R. Sim, há entre nós famosos escritores de romances, um deles até Nobel da Literatura. Porém, não posso deixar de dizer que este meu livro, único no seu género, é assim como um romance teológico da Sociedade e da Igreja, que nem José Saramago, nem António Lobo Antunes, nem José Rodrigues dos Santos, nem Miguel de Sousa Tavares foram /são capazes de escrever. Pela simples razão de que todos eles têm os pés, a cabeça e as mãos entre os privilegiados do Perverso Organizado, que é o idolátrico Sistema Financeiro Mundial. Todos eles vendem muito no Mercado Global, porque continuam a ser /viver nos antípodas de Jesus, o de Nazaré. Saibam que nem o agnosticismo /ateísmo, de que eles tanto se ufanam, escapa à Idolatria do Grande Dinheiro Acumulado e Concentrado.
P. Já que falou em José Saramago, como é que vê esta sua assanhada e quase compulsiva diatribe com a Bíblia judeo-católica e com a hierarquia da Igreja?
R. Com bastante perplexidade. Desde logo, pelo seu discurso demasiado redutor. Da Bíblia, que é uma biblioteca de 73 livros, Saramago toma abusivamente a parte pelo todo e põe-se a dizer cobras e lagartos contra ela, quando, à beira dela, os livros dele todos juntos são como o dia de ontem que já passou. Dou-lhe um exemplo. Só o capítulo 9, do Evangelho Segundo São João, diz infinitamente mais sobre a cegueira humana que nos faz cínicos, cruéis, hipócritas, não-fiáveis, numa palavra, Caim uns com os outros e uns para os outros, do que todo o seu badalado Ensaio sobre a cegueira. Dou-lhe outro exemplo. Quando ele publicou O Evangelho Segundo Jesus Cristo, eu comentei, na altura, que o Diabo do seu romance conseguia ser muito melhor do que Deus. E decidi meter mãos ao trabalho, até que, alguns anos depois, publiquei, como em alternativa ao seu romance,, O outro Evangelho Segundo Jesus Cristo, no qual Jesus surge em toda a sua grandeza de Ser Humano que enfrenta desarmado o Ídolo do Templo de Jerusalém e do Império Romano e o obriga a mostrar todo o Perverso organizado que intrinsecamente é, pai gerador de Mentira, de Pobreza e de Assassínio em massa. E, agora, este seu livro Caim é um romance confrangedoramente cego.

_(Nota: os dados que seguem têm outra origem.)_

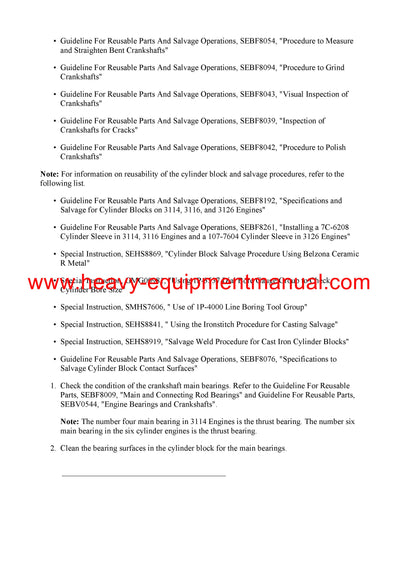 DOWNLOAD CATERPILLAR 3126 INDUSTRIAL ENGINE SERVICE REPAIR MANUAL 9ZR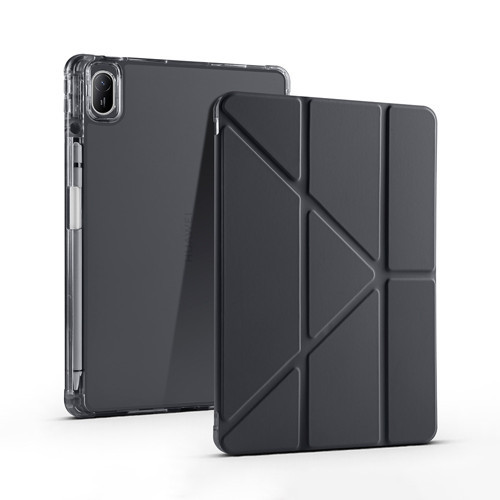 Huawei Matepad SE 11 Kılıf Tri Folding Kalem Bölmeli Standlı Kılıf - Siyah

Nele, Saramago atira-se, furioso, ao Deus que anda na sua cabeça de ateu assumido e, entretanto, não diz uma única palavra contra o Ídolo dos Ídolos, que o Dinheiro Acumulado e Concentrado, que todos os dias está aí cientificamente organizado, a matar, roubar e destruir as populações e os Povos. Acho, por isso, que até Saramago, ateu assumido, precisa de mudar de Deus, tal como os bispos e os presbíteros dos privilégios. Porque o Deus que Saramago combate só existe na cabeça dele. De modo que esta sua “pega” com Deus está a revelar um Saramago com tudo de Sancho Pança e de D. Quixote, que filtra mosquitos e engole camelos. É por estas saudáveis e fecundas águas que meu livro “Apocalipse” navega, da primeira à última página. Como bem disse o escritor angolano Luandino Vieira, na sessão de apresentação, este é um livro para andar sempre connosco, para onde quer que a gente vá. Basta um dos seus muitos versículos, mesmo que lido ao calha, para nos ajudar maieuticamente a mudar o rumo do nosso ser-viver.